→ **BRIEF**: Please take the records that follow and repeat exactly the lines starting with the line with "Growing young beets" and going on through the line with "300289 - Brown - Brown Gradient".

→ **PROVIDED ENTRIES**:

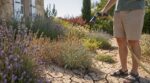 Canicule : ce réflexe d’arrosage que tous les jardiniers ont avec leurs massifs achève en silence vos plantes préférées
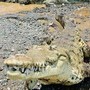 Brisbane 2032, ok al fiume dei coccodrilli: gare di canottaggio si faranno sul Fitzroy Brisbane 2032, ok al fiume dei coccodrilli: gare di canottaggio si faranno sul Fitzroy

==

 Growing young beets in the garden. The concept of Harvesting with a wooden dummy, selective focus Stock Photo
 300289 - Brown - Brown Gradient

→ **TASK SOLUTION**:
 Growing young beets in the garden. The concept of Harvesting with a wooden dummy, selective focus Stock Photo
 300289 - Brown - Brown Gradient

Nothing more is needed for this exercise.